> [TASK TO CARRY OUT]: Pictures excluded, copy word for word the lines from the one holding "For Ford F150" through the last line below.

> [MATERIAL PROVIDED]:

—————

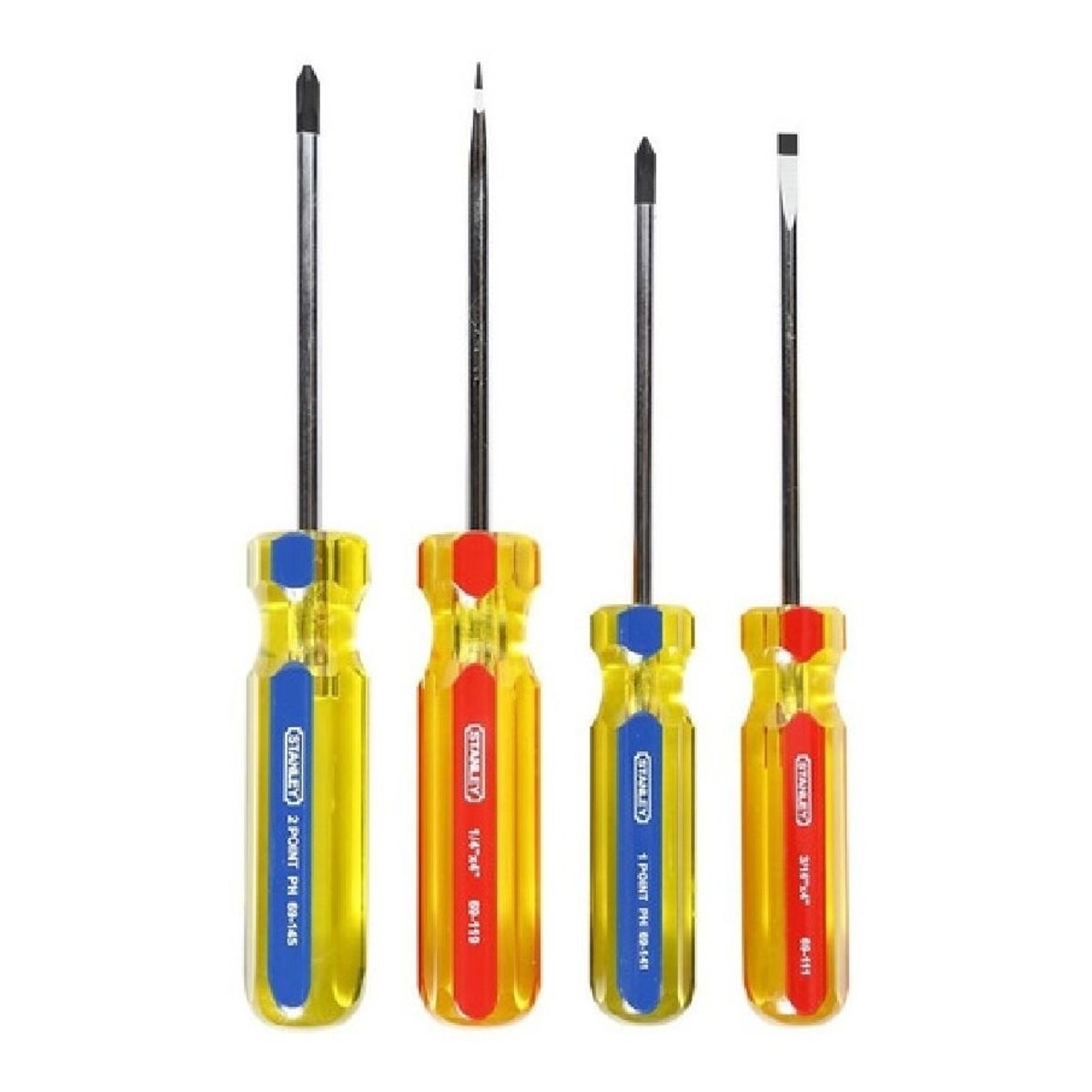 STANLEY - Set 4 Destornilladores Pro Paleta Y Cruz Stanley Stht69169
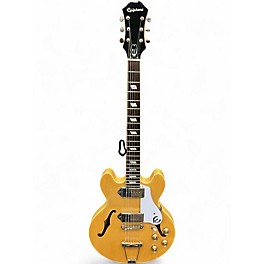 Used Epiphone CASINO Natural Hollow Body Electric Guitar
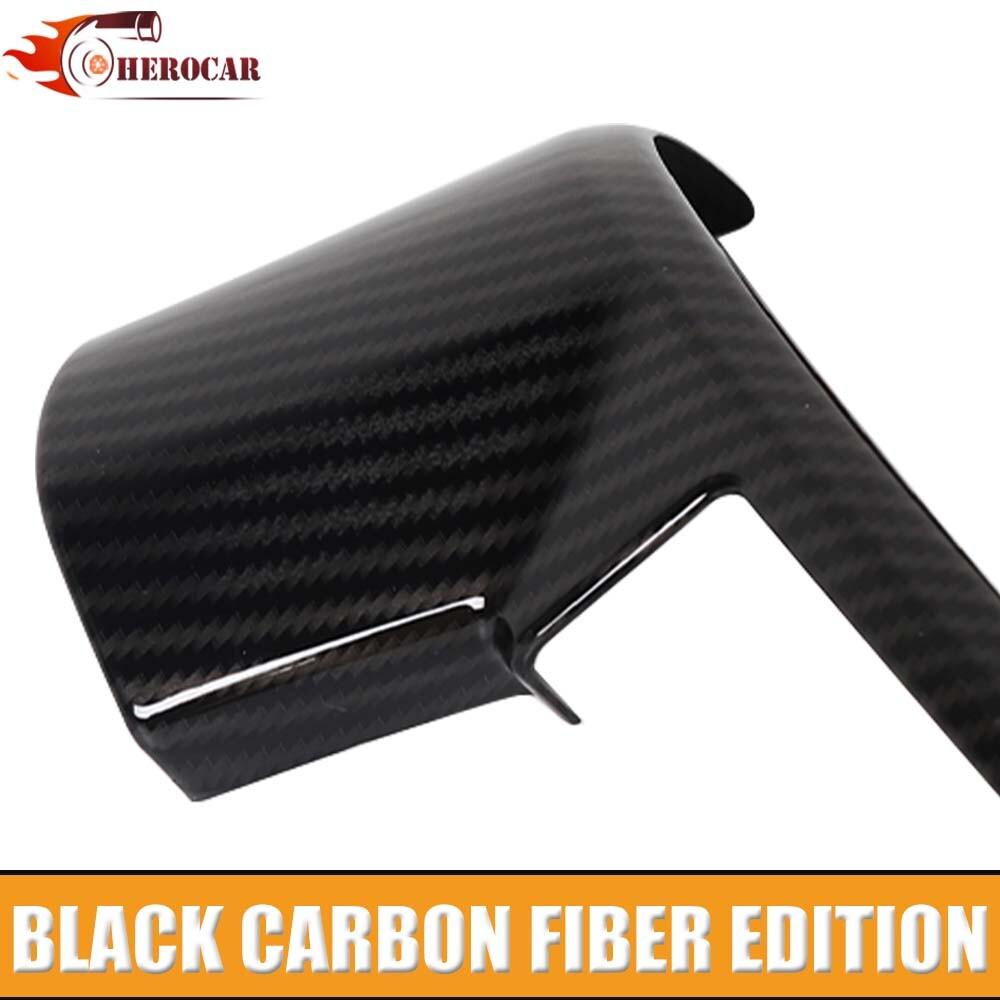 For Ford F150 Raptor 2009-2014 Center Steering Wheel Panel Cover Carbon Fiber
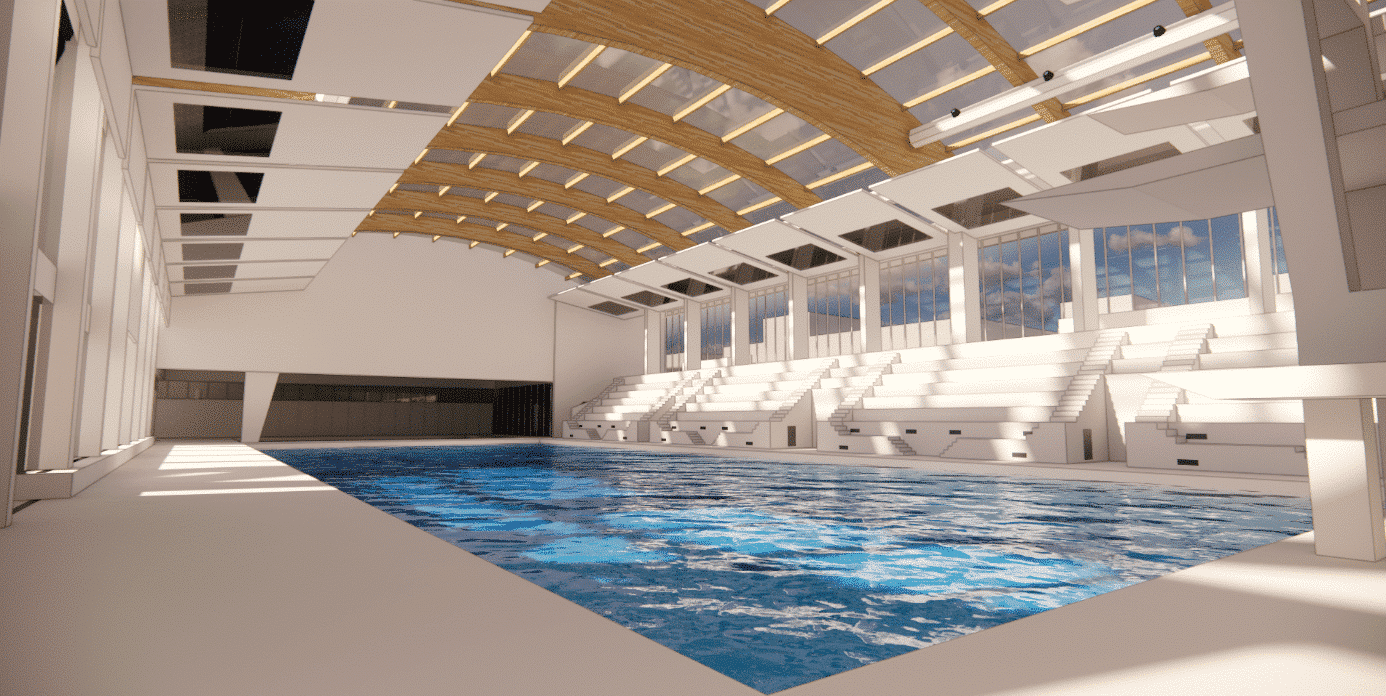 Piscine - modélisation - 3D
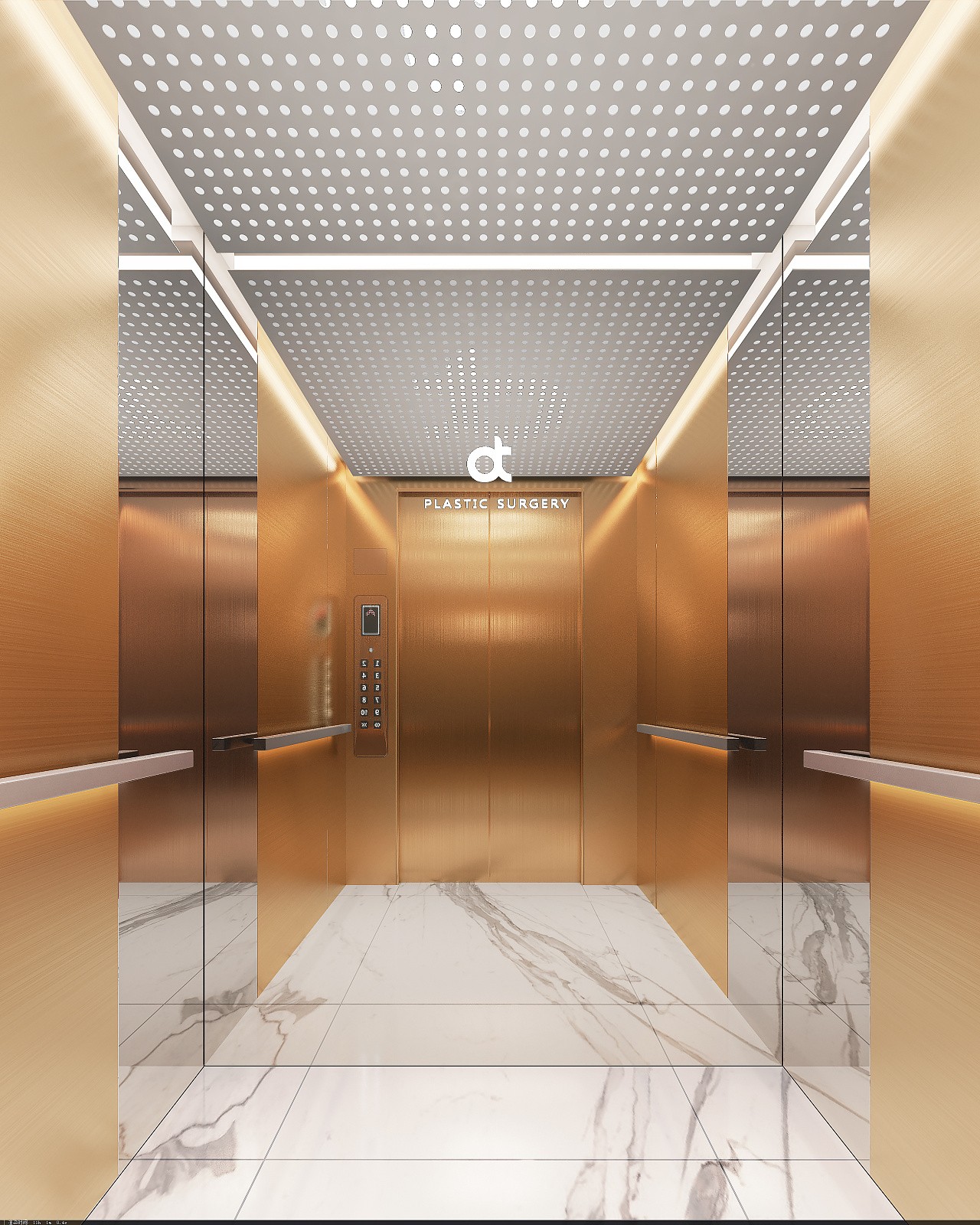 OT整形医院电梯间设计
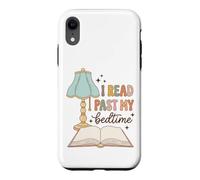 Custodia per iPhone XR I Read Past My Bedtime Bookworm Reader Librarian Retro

—————

> [COMPLETED TASK]:
 For Ford F150 Raptor 2009-2014 Center Steering Wheel Panel Cover Carbon Fiber
 Piscine - modélisation - 3D
 OT整形医院电梯间设计
 Custodia per iPhone XR I Read Past My Bedtime Bookworm Reader Librarian Retro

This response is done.